Validate field in STaging before loading

  • I have a STaging table where I have defined all fields as Varchar(255), now I'm trying to load the Prod table, and one of my fields(order_open_qty) is defined as Decimal(18,10), but it fails as data from STaging fails converting Varchar to Dec. Is there any

    pre-validation I can run to change those bad records to a predefined value to be able to complete load.

    Thanks.

  • Check out the ISNUMERIC() function. That will tell you what you want to know.

    Strong advice: all tables, all databases, all the time, use appropriate data types. It really matters.

    ----------------------------------------------------The credit belongs to the man who is actually in the arena, whose face is marred by dust and sweat and blood... Theodore RooseveltThe Scary DBAAuthor of: SQL Server 2017 Query Performance Tuning, 5th Edition and SQL Server Execution Plans, 3rd EditionProduct Evangelist for Red Gate Software

  • Run a query to see what is in those rows. Perhaps it is empty spaces that you can update to 0, or 'null'.

    You could also use the case statement when selecting the rows for the insert

  • Grant Fritchey wrote:

    Check out the ISNUMERIC() function. That will tell you what you want to know.

    No... ISNUMERIC() can help but it must not be considered as any type of "Is All Digits" function because it doesn't work for that.  Please see the following article on that and what you can use in its place.

    https://qa.sqlservercentral.com/articles/why-doesn%e2%80%99t-isnumeric-work-correctly-sql-spackle

    Grant Fritchey wrote:

    Strong advice: all tables, all databases, all the time, use appropriate data types. It really matters.
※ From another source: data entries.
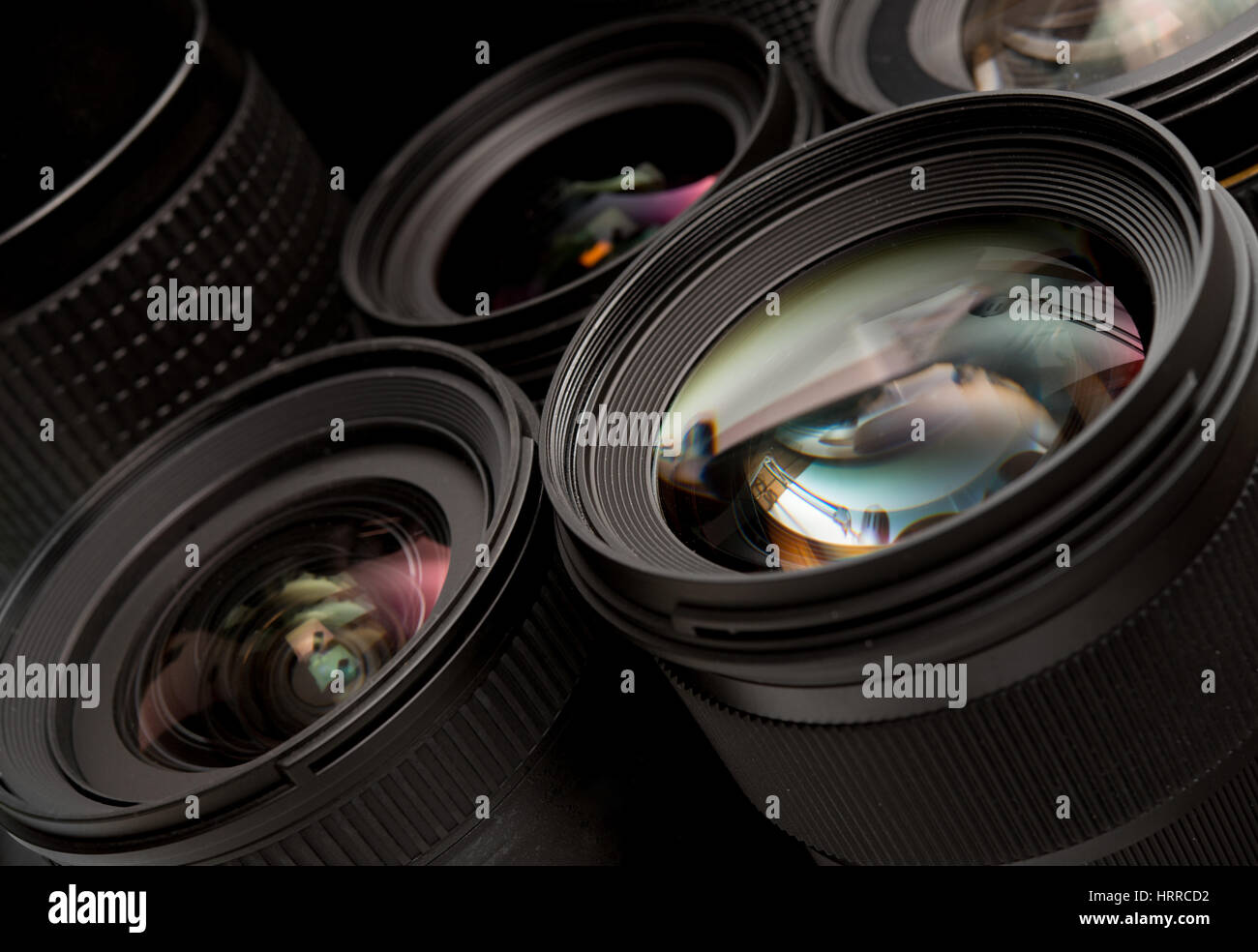 Interchangeable camera lenses Stock Photo Alamy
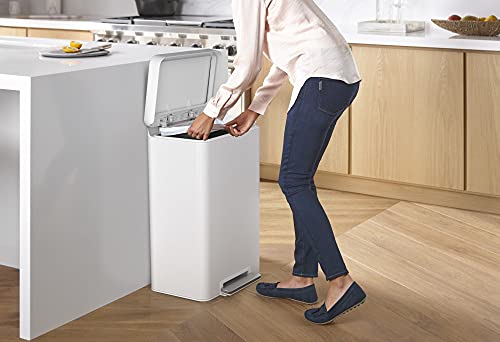 KOHLER 20940-ST 13 Gallon Kitchen Step Trash Can with Foot Pedal, Soft Close Lid, Stainless Steel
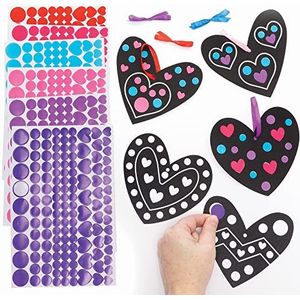 Baker Ross Tekening en stickers, motief: hart, 12 stuks, handmatige activiteiten, voor kinderen voor Valentijnsdag (FC474)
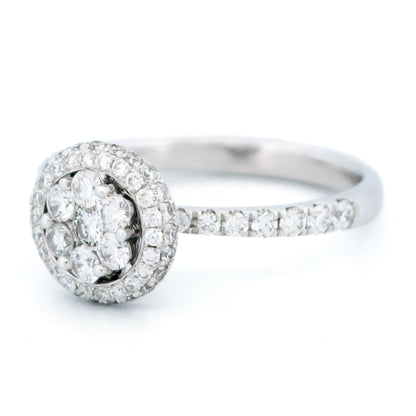 Modern 18 Carat White Gold Diamond Halo Cluster Ring, 0.83 Carat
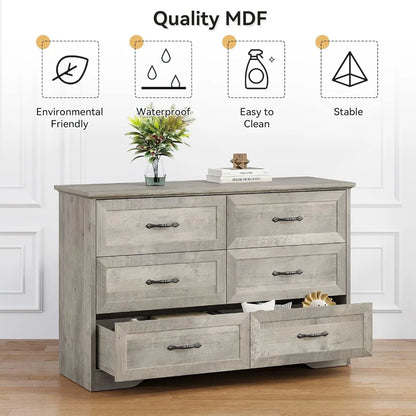 Bedroom Dresser, 6 Drawer Dresser with Oak Wood Grain Finished, Suitable for Bedroom, Closet, Living Room, Wooden, Grey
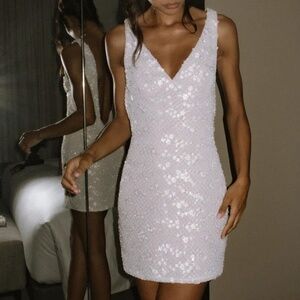 Meshki Louanne Daisy Beaded Mini Dress
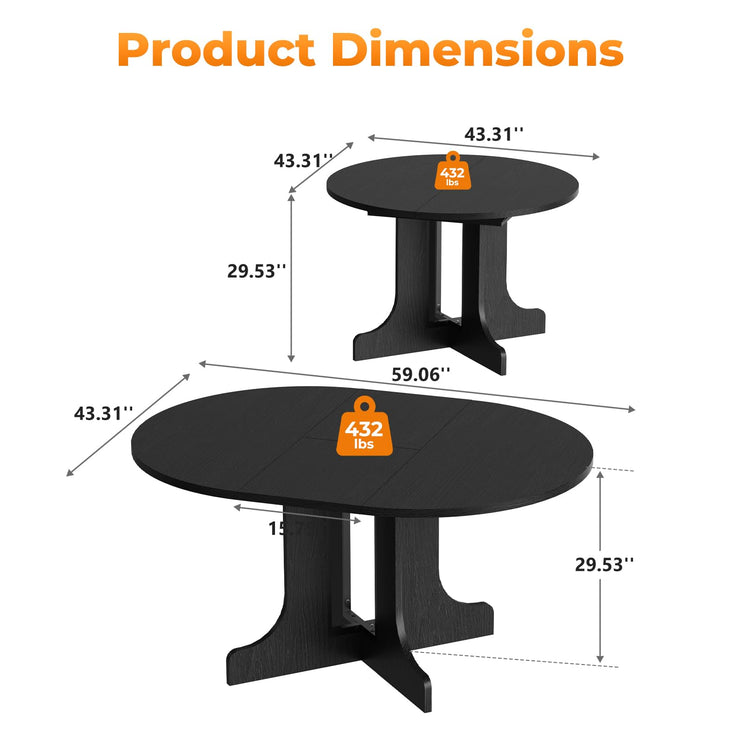 43"-59" Expandable Round Dining Table, Extendable Dining Room Table for 4-6, Oval Tabletop with Removable Leaf, Trestle X-Shaped Base & Metal Track for Dining Room, Living Room-Black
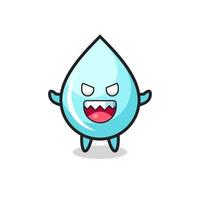 illustration du personnage de mascotte de goutte d'eau maléfique vecteur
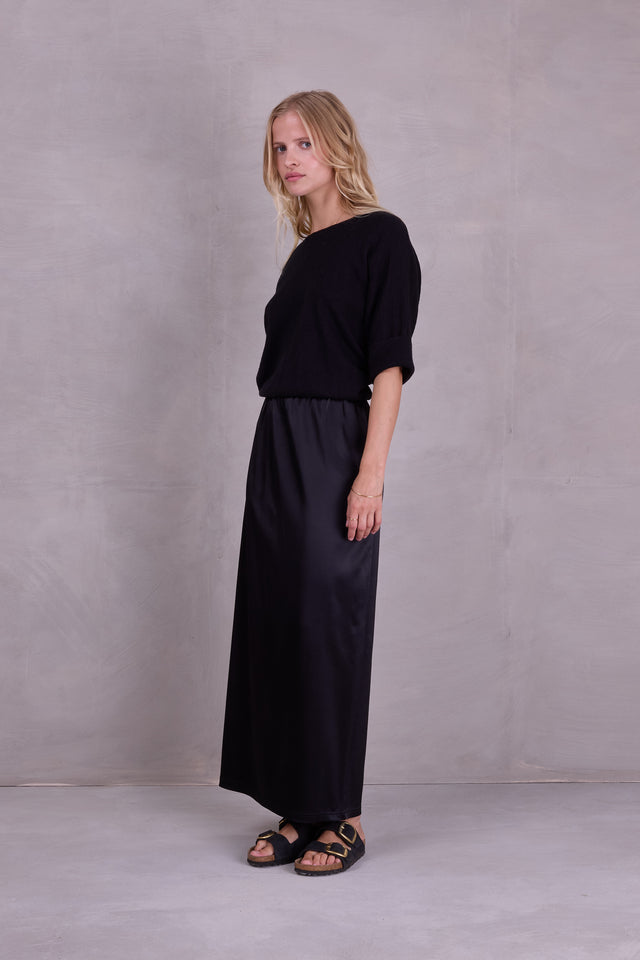 Nathalie Vleeschouwer Fazil Rok In Black Satin Stretch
    I totally agree.  DECIMAL(18,10) means 8 digits to the left of the decimal point and 10 to the right.  That seems like a very strange datatype for an "order quantity' column.  It would be really interesting to know what the requirement was for that very odd design for such a column.

    --Jeff Moden


    RBAR is pronounced "ree-bar" and is a "Modenism" for Row-By-Agonizing-Row.
    First step towards the paradigm shift of writing Set Based code:
    ________Stop thinking about what you want to do to a ROW... think, instead, of what you want to do to a COLUMN.
    "Change is inevitable... change for the better is not".

    Helpful Links:
    How to post code problems
    How to Post Performance Problems
    Create a Tally Function (fnTally)
    Intro to Tally Tables and Functions

  • Grant Fritchey wrote:

    Strong advice: all tables, all databases, all the time, use appropriate data types. It really matters.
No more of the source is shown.